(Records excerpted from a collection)
═══
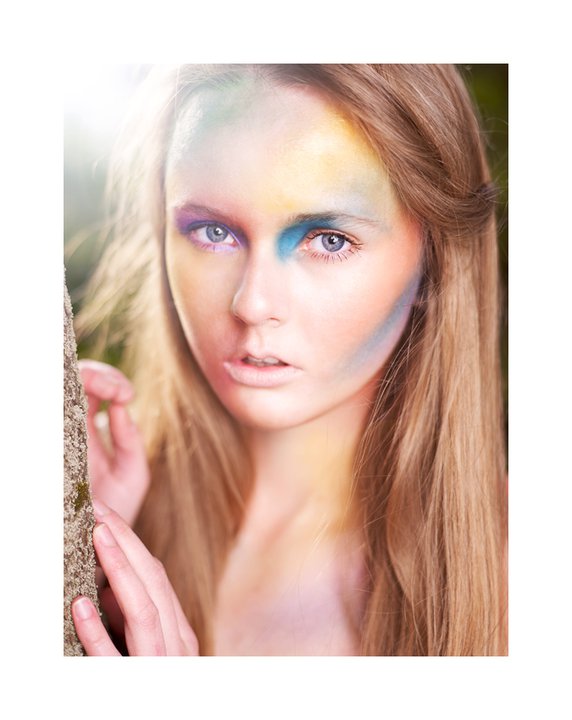 Aslaug Bjornsdottir model (&#193;slaug Bj&#246;rnsd&#243;ttir fyrirs&#230;ta). Photoshoot of model Aslaug Bjornsdottir demonstrating Face Modeling.Face Modeling Photo #89748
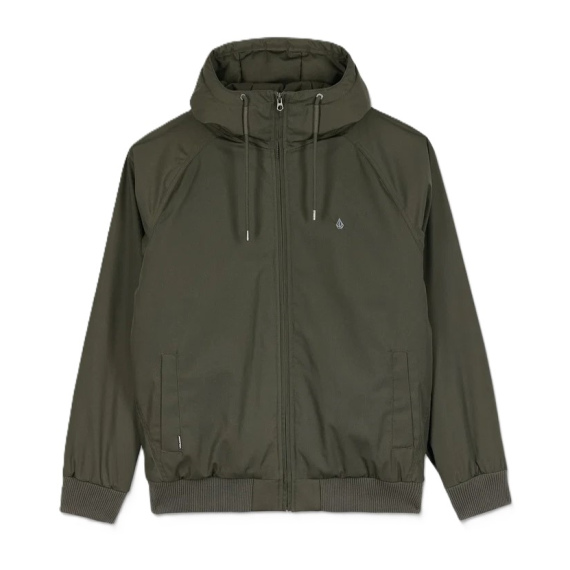 Volcom HERNAN 10K Jacket - Rinsed Black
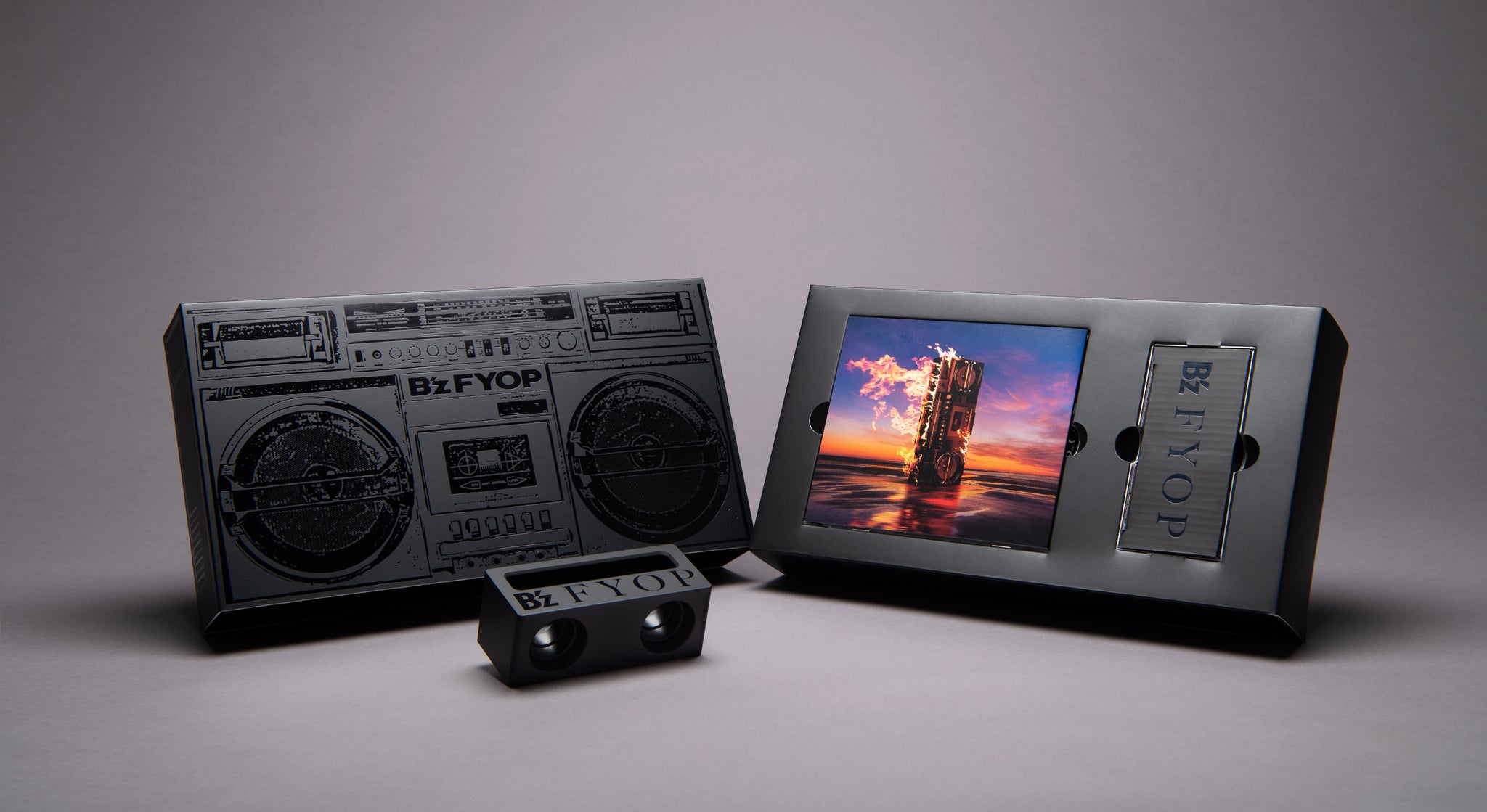 特典付】 B'z FYOP 【 数量限定盤 】(CD＋メタルスマートフォン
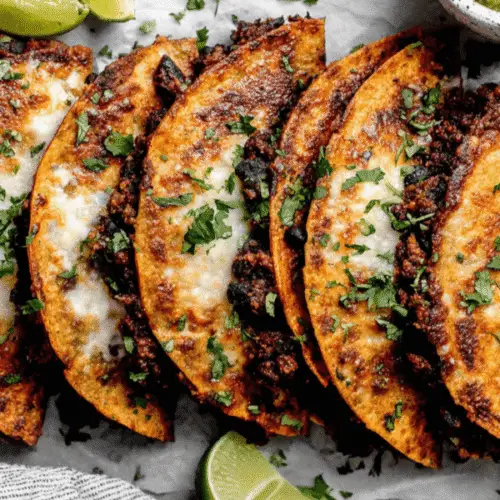Crispy Black Bean Tacos Recipe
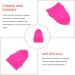 Buy KALLORY Makeup Brush Cleaning Pad - Essential Beauty Tool for Perfectly Clean Brushes | Facial Exfoliator & Makeup Brush Cleaner Mat - Buy Online on GoSupps.com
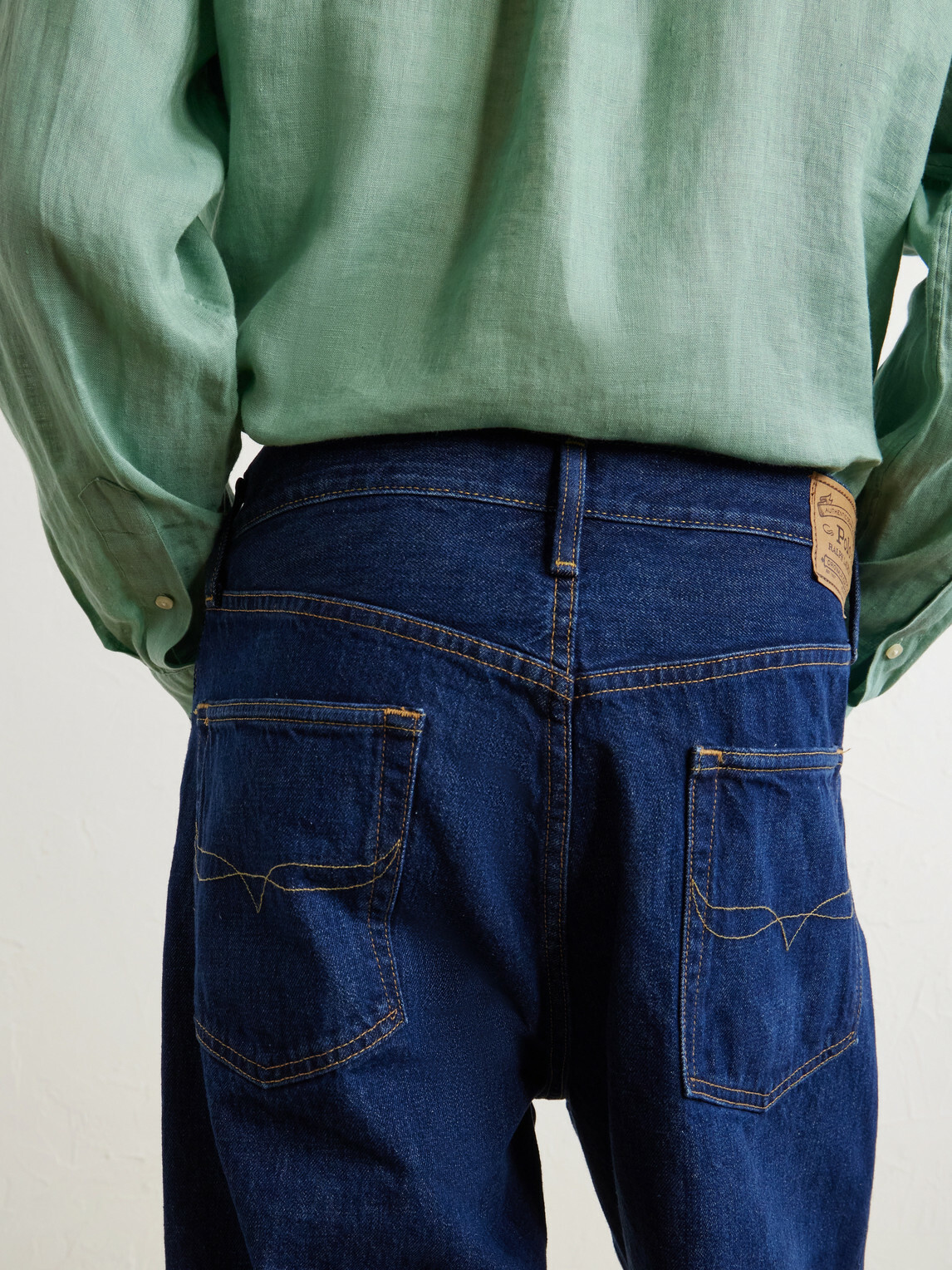 Polo Ralph Lauren - Straight-Leg Jeans - Blue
═══
Retype all of the data above word for word, excluding the pictures.

 Aslaug Bjornsdottir model (&#193;slaug Bj&#246;rnsd&#243;ttir fyrirs&#230;ta). Photoshoot of model Aslaug Bjornsdottir demonstrating Face Modeling.Face Modeling Photo #89748
 Volcom HERNAN 10K Jacket - Rinsed Black
 特典付】 B'z FYOP 【 数量限定盤 】(CD＋メタルスマートフォン
Crispy Black Bean Tacos Recipe
 Buy KALLORY Makeup Brush Cleaning Pad - Essential Beauty Tool for Perfectly Clean Brushes | Facial Exfoliator & Makeup Brush Cleaner Mat - Buy Online on GoSupps.com
 Polo Ralph Lauren - Straight-Leg Jeans - Blue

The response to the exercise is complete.